A source adapter fetches external data and optionally plans source-specific requests. It must not force changes in storage, query, finance, or management modules.

Source Protocol

Implement the DataSource protocol:

from collections.abc import Iterable, Mapping
from typing import Any

import polars as pl

from bagelquant_data.core.dataset import DatasetSpec
from bagelquant_data.core.request import RequestContext


class MySource:
    @property
    def name(self) -> str:
        return "my_source"

    def configure(self, **options: Any) -> None:
        ...

    def test_connection(self) -> None:
        ...

    def fetch(
        self,
        source_dataset: str,
        request: Mapping[str, Any],
    ) -> pl.DataFrame:
        ...

    def plan_requests(
        self,
        dataset: DatasetSpec,
        context: RequestContext,
    ) -> Iterable[Mapping[str, Any]]:
        ...

Register The Source

from bagelquant_data import DataLake

lake = DataLake.open("data")
lake.sources.register(MySource())
lake.sources.configure("my_source", token="...")
lake.sources.test("my_source")

Credential Rules

Credentials should be accepted through:

  • environment variables
  • runtime configuration
  • local untracked configuration
  • future secret-provider integrations

Do not store secrets in:

  • dataset YAML
  • Parquet files
  • committed docs
  • committed TOML files
  • SQLite metadata rows

Request Planning

plan_requests receives a DatasetSpec and RequestContext.

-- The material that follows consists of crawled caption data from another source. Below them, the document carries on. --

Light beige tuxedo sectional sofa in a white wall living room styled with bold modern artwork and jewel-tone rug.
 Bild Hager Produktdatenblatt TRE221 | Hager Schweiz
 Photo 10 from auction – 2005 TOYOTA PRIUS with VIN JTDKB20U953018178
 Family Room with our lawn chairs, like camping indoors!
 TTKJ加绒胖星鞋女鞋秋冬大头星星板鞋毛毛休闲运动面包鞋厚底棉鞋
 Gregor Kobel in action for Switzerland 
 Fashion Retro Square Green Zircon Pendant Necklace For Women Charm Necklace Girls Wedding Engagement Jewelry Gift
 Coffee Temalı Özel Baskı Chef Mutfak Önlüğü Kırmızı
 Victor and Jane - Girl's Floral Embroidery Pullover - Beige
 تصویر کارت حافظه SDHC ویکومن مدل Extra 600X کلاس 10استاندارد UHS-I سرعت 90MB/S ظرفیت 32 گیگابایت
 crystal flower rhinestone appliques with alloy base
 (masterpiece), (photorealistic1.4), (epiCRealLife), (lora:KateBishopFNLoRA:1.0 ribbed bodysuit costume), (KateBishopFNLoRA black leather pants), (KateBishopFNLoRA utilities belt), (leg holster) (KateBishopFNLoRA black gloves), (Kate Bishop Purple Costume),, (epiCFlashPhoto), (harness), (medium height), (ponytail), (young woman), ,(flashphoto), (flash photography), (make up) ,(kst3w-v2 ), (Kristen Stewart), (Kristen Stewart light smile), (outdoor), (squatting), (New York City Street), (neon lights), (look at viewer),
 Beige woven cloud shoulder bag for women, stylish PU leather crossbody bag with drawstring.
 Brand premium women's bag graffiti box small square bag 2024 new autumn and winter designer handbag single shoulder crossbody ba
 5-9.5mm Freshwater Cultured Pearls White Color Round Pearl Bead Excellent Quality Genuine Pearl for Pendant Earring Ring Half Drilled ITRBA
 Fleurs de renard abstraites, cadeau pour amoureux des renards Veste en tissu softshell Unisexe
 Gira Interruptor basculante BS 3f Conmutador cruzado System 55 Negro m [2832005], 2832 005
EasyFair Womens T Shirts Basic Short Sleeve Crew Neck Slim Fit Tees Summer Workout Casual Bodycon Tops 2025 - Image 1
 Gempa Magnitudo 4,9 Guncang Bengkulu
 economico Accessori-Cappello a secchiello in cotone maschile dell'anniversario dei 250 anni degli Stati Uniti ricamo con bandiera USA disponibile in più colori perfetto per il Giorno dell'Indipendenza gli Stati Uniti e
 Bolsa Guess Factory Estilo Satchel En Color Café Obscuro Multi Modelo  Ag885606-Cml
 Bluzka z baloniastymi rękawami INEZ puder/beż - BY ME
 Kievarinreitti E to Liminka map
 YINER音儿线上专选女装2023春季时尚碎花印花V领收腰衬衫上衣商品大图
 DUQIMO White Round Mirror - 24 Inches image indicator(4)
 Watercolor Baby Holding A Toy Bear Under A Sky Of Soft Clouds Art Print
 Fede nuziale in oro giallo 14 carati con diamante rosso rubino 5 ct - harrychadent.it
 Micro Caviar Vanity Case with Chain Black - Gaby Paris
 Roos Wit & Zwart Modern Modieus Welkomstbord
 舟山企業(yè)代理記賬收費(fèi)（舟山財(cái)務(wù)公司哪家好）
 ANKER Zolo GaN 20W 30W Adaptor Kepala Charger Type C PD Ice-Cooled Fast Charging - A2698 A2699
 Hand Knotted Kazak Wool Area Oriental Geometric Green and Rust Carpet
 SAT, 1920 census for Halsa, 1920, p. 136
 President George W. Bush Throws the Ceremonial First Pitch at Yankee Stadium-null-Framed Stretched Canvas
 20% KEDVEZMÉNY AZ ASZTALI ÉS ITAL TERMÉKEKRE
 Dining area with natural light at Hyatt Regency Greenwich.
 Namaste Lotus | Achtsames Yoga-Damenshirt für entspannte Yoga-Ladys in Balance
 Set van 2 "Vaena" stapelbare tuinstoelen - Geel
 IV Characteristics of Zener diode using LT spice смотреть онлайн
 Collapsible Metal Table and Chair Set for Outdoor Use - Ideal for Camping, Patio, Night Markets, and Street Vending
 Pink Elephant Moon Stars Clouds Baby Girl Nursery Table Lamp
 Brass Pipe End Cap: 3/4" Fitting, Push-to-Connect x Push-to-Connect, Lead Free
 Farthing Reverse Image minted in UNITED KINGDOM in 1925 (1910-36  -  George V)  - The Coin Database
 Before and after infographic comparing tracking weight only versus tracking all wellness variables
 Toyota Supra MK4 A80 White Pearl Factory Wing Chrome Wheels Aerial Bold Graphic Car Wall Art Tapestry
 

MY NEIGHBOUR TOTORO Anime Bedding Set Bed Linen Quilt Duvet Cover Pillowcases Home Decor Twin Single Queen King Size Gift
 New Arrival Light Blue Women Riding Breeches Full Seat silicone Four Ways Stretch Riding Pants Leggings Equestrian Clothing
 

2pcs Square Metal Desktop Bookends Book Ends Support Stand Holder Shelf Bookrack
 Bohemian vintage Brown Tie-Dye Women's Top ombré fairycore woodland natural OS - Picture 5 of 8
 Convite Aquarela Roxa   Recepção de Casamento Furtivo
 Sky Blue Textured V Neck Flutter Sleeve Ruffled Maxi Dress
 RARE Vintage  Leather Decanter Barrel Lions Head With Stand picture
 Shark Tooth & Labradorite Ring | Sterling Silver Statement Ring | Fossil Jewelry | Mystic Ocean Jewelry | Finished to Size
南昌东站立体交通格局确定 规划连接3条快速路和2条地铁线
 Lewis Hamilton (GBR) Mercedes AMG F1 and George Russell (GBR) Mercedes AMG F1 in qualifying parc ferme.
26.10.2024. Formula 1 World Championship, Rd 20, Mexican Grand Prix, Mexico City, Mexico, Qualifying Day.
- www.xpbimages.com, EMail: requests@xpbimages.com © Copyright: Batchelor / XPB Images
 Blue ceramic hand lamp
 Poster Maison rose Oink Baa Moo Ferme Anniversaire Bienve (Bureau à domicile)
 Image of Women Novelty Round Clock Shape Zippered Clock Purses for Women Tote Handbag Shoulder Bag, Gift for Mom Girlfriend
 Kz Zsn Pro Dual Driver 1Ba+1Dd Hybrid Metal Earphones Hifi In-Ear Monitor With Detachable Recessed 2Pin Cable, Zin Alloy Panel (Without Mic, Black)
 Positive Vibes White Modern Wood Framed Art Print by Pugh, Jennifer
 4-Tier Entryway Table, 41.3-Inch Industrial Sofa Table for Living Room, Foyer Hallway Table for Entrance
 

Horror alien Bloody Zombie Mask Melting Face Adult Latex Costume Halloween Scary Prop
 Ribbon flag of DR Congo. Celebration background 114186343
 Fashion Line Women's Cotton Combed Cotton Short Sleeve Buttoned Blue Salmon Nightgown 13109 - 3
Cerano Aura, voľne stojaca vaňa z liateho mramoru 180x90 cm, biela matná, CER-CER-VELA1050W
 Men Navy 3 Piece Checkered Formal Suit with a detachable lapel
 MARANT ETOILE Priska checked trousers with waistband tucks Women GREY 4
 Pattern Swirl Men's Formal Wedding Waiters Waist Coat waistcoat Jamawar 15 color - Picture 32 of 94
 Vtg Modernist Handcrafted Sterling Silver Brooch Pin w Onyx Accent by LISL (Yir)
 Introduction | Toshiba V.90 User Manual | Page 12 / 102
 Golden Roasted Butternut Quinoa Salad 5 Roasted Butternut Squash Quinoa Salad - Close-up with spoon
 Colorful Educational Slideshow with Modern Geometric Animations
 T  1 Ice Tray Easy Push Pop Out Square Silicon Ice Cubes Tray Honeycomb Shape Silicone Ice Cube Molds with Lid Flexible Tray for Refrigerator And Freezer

For a snapshot API, emit one request:

yield {"start_date": context.start, "end_date": context.end}

For an asset-oriented API, emit one request per asset:

for asset in context.assets or []:
    yield {"asset_id": asset}

For paged APIs, emit page parameters. The core update pipeline should not know about the provider’s pagination details.

Fetching

fetch returns a Polars DataFrame. If a provider SDK returns pandas, convert inside the adapter:

return pl.from_pandas(response.copy(deep=True))

Normalization Boundary

Source adapters should preserve source fields as much as possible. Canonical naming happens through the dataset spec and normalizer.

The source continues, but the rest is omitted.